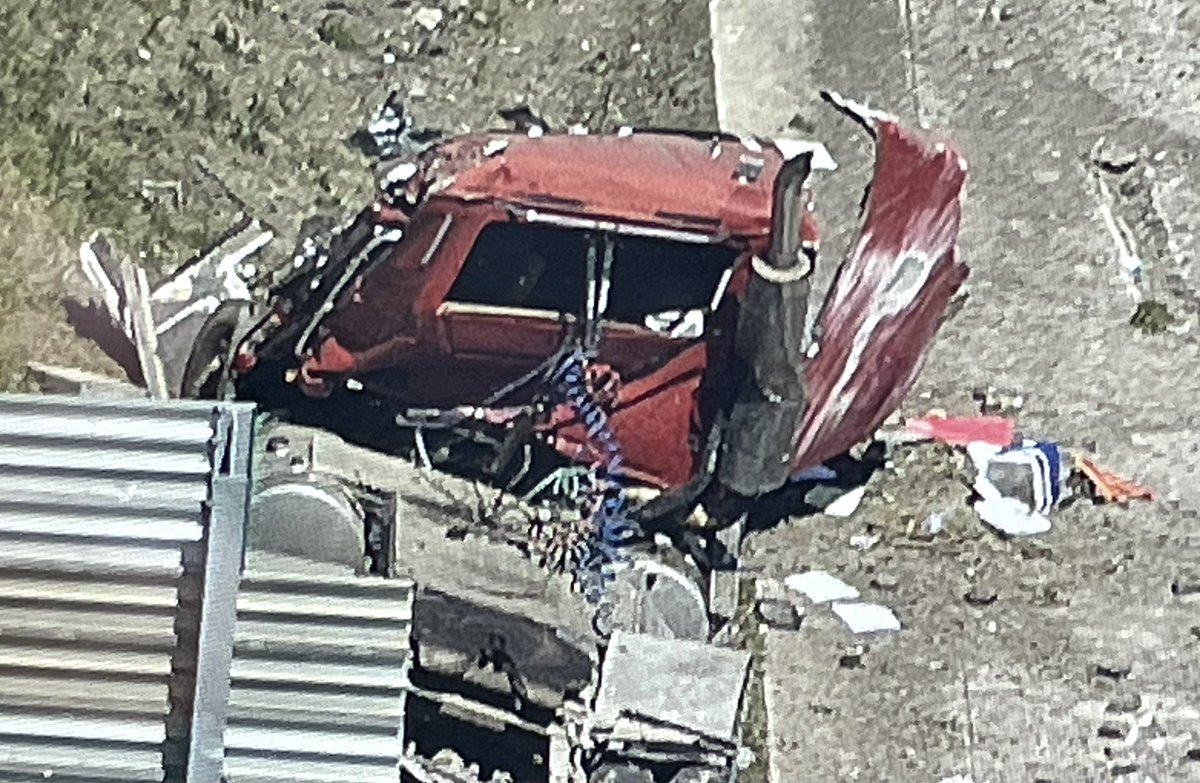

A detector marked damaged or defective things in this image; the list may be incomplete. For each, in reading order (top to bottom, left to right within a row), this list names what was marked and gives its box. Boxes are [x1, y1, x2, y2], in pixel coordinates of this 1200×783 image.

*****

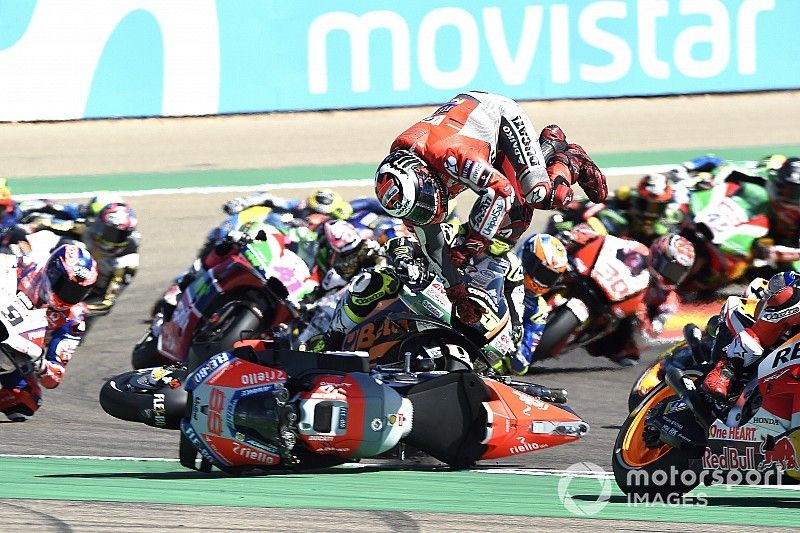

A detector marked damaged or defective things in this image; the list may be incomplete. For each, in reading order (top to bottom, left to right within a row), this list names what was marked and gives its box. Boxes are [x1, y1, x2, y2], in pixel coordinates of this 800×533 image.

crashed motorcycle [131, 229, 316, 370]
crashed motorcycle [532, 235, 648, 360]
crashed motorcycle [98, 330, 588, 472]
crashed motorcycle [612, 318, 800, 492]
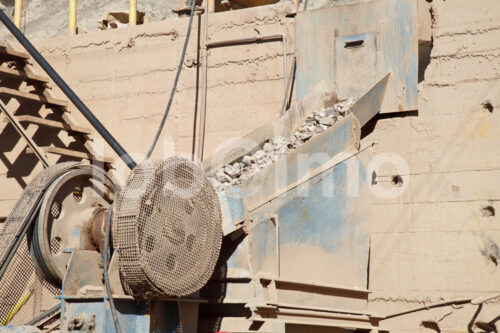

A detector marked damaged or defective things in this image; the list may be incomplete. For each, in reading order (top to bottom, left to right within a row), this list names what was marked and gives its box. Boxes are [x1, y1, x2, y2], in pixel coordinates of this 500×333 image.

*****

§ **Task instructions**
Beginning with the line above that contains "this 800×533 image." and ending with the line that contains "this 500×333 image.", quote each line exactly, keeping out the pictures.

§ **Exercise result**
A detector marked damaged or defective things in this image; the list may be incomplete. For each, in reading order (top to bottom, left to right within a row), this list names what was marked and gives its box. Boxes are [x1, y1, x2, y2], in pixel coordinates of this 800×533 image.

crashed motorcycle [131, 229, 316, 370]
crashed motorcycle [532, 235, 648, 360]
crashed motorcycle [98, 330, 588, 472]
crashed motorcycle [612, 318, 800, 492]

A detector marked damaged or defective things in this image; the list may be incomplete. For each, in reading order (top to bottom, left to right within a row), this list names what was marked and gives its box. Boxes are [x1, y1, x2, y2], in pixel coordinates of this 500×333 image.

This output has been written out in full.